21 October 2009

Commercial Real Estate Market Sees Rising Delinquencies

Bloomberg

Yields on bonds backed by hotel, shopping-center and skyscraper loans narrowed relative to benchmarks as U.S. programs help drive demand even as late payments soar on the underlying commercial real estate debt, according to Barclays Capital.

The gap, or spread, on top-ranked commercial-mortgage backed securities tightened 0.15 percentage point relative to benchmark swap rates to 6.25 percentage points for the week ended Oct. 15, Barclays data show. That compares with 10.15 percentage points in March, according to Barclays.

Demand for the bonds swelled as rising stocks buoyed investor sentiment and government programs helped further prop up prices of the debt. Rising delinquencies on commercial mortgages provide a “counterpoint to the rally,” Barclays analysts led by Aaron Bryson in New York wrote in an Oct. 16 report.

“The rally in cash CMBS continued,” Bryson wrote. “Better-than-expected earnings reports and strong economic data led to broad-based credit tightening and a further reduction of risk premia.”

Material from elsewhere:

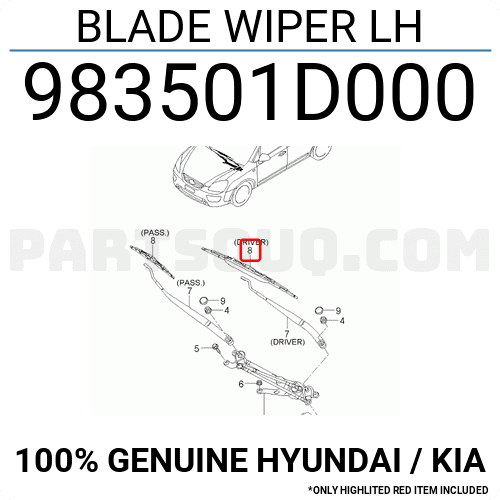 Chổi Gạt Mưa Trước Kia Carens / rondo Mã phụ tùng 983501D000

Top-rated commercial mortgage-backed debt is trading at a price of about 84.70 cents on the dollar, up from 55.91 cents in mid-March, according to Merrill Lynch & Co. indexes.

Still, “the CMBS delinquency rate is on pace for a large jump,” Bryson wrote.

Commercial mortgages bundled and sold as bonds that are at least 30 days behind on payments rose 30 basis points to 5.42 percent for October, according to Barclays. About 36 percent of the loans hadn’t yet been reported for this month as of the report date. A basis point is 0.01 percentage point.

TALF Fading

The fourth round of the Federal Reserve’s Term Asset-Backed Securities Loan Facility, or TALF, is scheduled for Oct. 21. The Fed began lending against so-called legacy commercial mortgage- backed securities, or those sold before Jan. 1, in July as part of its effort to stimulate lending.

The Fed added newly issued commercial-mortgage backed bonds to TALF in June. No new bonds have been sold through the program.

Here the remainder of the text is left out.